Chapitre 2, ou le (trop) Grand Voyage
J'essaie de me débattre, mais sans succès. Ma lourde et ample robe m'emporte vers les fonds de l'eau glaciale. Je cesse de lutter. Et je me laisse couler. À quoi bon...? Le néant commence à se refermer sur moi... Adieu...
Et puis je sens qu'on me tire... Mes poumons se remplissent à nouveau. C'est douloureux, et je tousse, tousse, tousse, espérant que je ne vais pas mourir en recrachant un quelconque organe. On me hisse sur du sol dur. Mon dieu, le plancher aux vaches ! Enfin ! J'avais bien cru ne jamais revenir à l'air libre ! Je reprends mes esprits pendant quelques secondes, avant de songer à remercier celui à qui je dois certainement la vie. Je cherche des yeux une personne dégoulinante et je la trouve juste devant moi. Un charmant jeune homme, bien habillé, et qui devait être bien coiffé, aussi, avant de sauter à l'eau.
-Mer...
J'ai surestimé mes poumons, visiblement. Je recommence à tousser. C'est sur, j'ai fait quelque chose à mes précieux poumons et ils veulent s'en aller de mon corps, vexés qu'ils sont. J'arrive à retrouver mon souffle, péniblement.

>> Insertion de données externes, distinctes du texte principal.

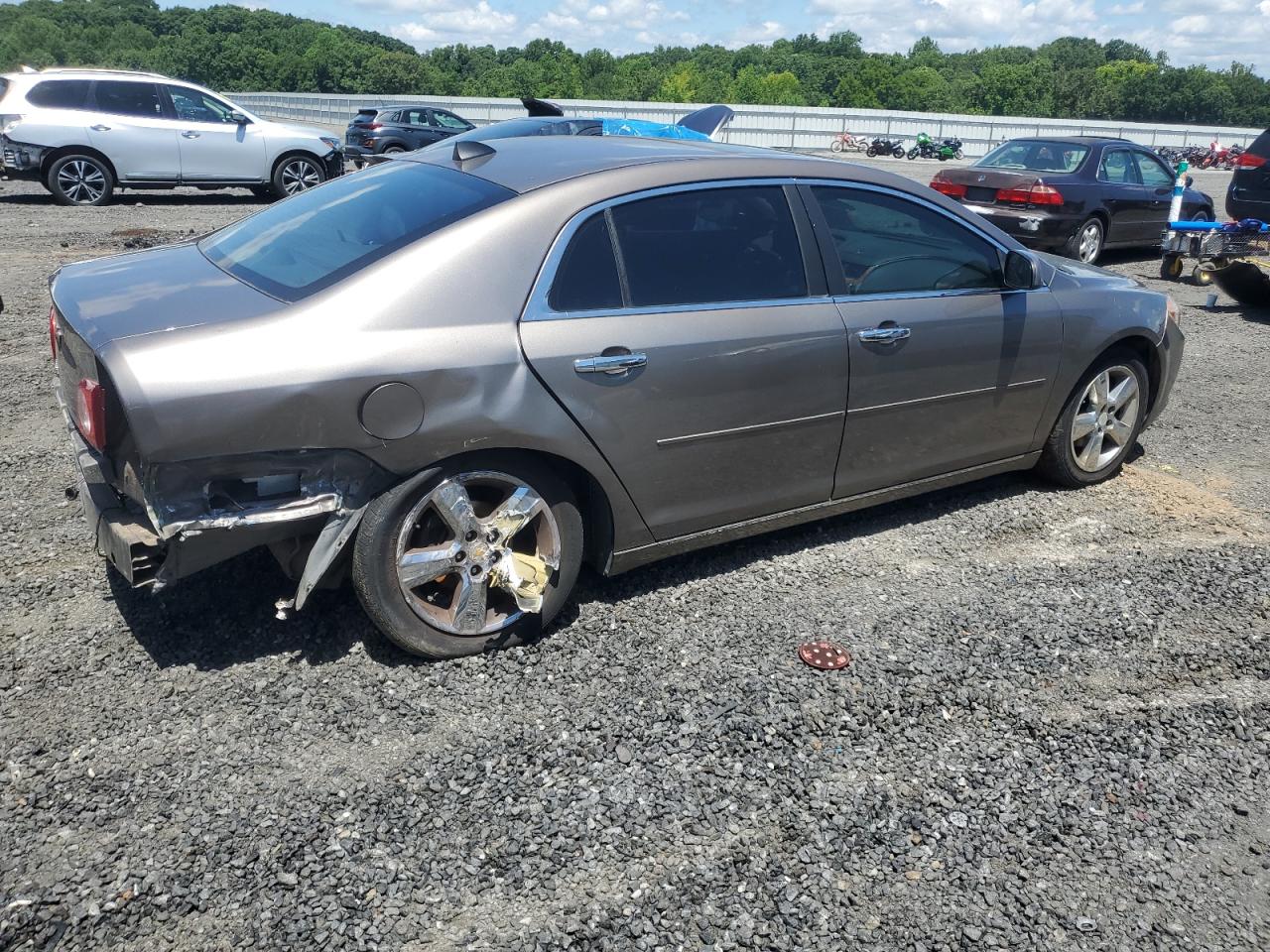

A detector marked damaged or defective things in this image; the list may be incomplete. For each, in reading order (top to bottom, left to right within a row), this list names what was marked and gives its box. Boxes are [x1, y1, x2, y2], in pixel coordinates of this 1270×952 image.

exposed rear wheel well [38, 145, 116, 187]
damaged tan sedan [47, 135, 1178, 654]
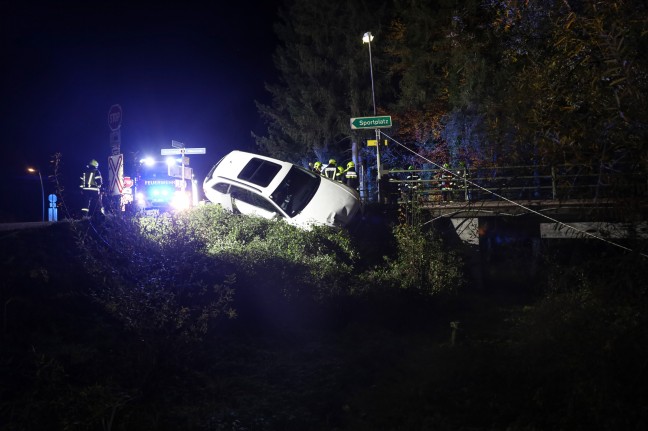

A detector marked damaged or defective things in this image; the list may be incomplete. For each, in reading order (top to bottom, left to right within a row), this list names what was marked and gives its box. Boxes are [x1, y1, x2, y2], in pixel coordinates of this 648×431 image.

white crashed car [204, 151, 360, 231]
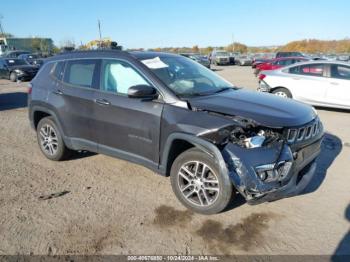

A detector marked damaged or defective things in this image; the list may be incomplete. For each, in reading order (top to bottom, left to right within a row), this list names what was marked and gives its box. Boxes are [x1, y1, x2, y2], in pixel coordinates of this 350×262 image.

crumpled hood [187, 89, 316, 128]
damaged front end [198, 112, 324, 205]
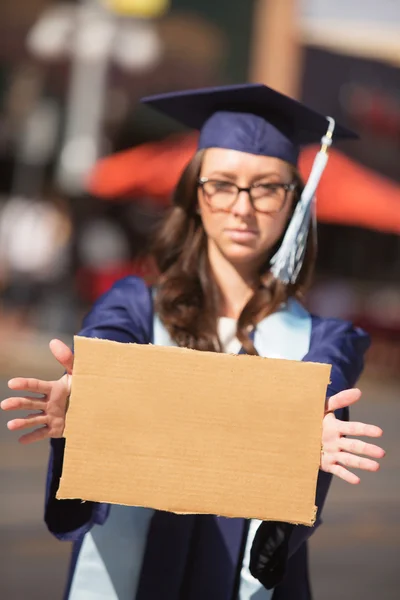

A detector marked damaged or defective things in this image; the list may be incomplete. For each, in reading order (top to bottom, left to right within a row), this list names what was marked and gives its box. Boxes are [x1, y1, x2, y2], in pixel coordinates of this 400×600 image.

torn cardboard edge [57, 336, 332, 528]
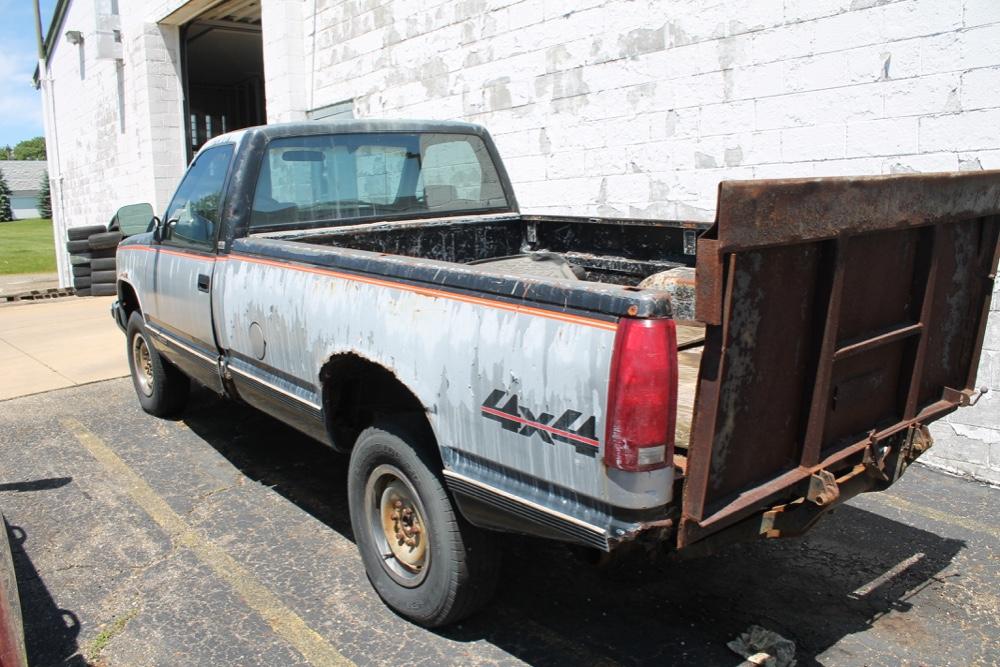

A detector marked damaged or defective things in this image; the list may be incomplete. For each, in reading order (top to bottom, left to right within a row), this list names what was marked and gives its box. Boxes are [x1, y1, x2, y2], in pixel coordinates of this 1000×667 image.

rusted metal [680, 171, 1000, 548]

-Merci... je couine, très peu dignement.
Je dois être toute rouge, mes cheveux trempés doivent retomber sur mes épaules, plats et, avec un peu de chance, une ou deux algues ou autre saleté se sont accrochées dedans. Dire que, habituellement, mes cheveux souples et soyeux sont ma plus grande fierté... Ce qui est certain, c'est que ma robe est fichue. Le tissus n'aime pas l'eau. Définitivement, je ne suis pas présentable.
Le jeune homme n'a pas l'air d'en avoir grand chose à faire. Il sourit avec gentillesse et me tend la main pour m'aider à me relever.

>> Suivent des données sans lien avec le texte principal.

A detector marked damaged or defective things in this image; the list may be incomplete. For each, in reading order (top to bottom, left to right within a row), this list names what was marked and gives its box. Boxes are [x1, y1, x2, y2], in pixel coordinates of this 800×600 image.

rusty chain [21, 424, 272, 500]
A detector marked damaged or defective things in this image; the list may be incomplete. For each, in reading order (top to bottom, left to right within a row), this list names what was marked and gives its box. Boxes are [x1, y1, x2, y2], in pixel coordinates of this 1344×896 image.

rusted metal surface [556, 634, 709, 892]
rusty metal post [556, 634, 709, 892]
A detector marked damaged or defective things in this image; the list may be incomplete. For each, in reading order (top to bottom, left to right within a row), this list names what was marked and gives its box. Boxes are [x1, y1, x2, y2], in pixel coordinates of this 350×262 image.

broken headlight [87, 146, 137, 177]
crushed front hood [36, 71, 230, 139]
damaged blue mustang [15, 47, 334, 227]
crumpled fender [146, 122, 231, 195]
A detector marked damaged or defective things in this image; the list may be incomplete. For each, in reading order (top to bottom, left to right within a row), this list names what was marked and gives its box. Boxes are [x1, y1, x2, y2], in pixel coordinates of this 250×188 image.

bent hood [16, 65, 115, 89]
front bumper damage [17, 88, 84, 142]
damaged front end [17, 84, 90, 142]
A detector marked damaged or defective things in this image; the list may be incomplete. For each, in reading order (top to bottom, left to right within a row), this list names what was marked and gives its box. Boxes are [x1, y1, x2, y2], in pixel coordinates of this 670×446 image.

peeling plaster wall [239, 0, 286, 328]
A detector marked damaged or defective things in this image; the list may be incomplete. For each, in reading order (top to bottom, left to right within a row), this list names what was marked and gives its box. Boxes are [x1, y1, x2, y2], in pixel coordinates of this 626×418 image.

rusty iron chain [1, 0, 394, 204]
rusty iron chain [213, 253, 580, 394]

-Il était de mon devoir de gentleman de secourir une demoiselle en détresse telle que vous. Louis Chevilleau, pour vous servir.
Il s'inclina devant moi. Il reprit :
-Puis-je savoir votre nom, mademoiselle ?

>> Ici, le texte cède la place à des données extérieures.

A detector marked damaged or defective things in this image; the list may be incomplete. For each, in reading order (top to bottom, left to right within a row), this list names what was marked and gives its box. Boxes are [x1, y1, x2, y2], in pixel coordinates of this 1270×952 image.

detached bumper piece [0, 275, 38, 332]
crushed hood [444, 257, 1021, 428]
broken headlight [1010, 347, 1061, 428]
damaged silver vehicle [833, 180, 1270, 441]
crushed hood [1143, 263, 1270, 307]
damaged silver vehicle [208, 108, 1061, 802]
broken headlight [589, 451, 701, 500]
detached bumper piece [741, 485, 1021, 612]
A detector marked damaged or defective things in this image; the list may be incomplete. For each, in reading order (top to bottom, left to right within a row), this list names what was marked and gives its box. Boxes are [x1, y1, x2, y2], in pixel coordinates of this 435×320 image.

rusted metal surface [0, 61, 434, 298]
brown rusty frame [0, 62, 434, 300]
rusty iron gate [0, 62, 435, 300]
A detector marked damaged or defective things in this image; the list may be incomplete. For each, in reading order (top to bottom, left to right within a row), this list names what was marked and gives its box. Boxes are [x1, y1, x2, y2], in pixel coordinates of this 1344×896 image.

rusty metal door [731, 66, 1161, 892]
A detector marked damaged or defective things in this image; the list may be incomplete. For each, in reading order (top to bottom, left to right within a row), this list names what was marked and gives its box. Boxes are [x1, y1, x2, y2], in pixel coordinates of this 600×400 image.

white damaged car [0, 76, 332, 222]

Mon nom ? Heu... Je n'ai pas réalisé jusque là, mais je ne me souviens de... rien. Je vacille. Louis me soutient gentiment. Allez, je suis sûre que je n'ai pas pu oublier quelque chose d'aussi basique que mon nom ! Un prénom surgit de nulle part dans ma tête. "Aurore". Et mon nom de famille... Un petit effort, ma mémoire ! "Cillan". Oui, je crois que c'est ça... Je dois m'y reprendre à trois fois avant de réussir à former la phrase. Bien ! Je ne suis pas du tout présentable, et en plus, je passe pour une idiote !
-Je suis Aurore Cillan. Du moins, je le crois...
Louis ne semble pas comprendre.
-Vous croyez ? me demande-t-il. Pourquoi n'êtes vous pas sûre de qui vous êtes ?
-Je...
La panique me gagne. Je ne sais pas qui ni où je suis, ni comment je suis arrivée ici, ni pourquoi. J'ignore même la date d'aujourd'hui !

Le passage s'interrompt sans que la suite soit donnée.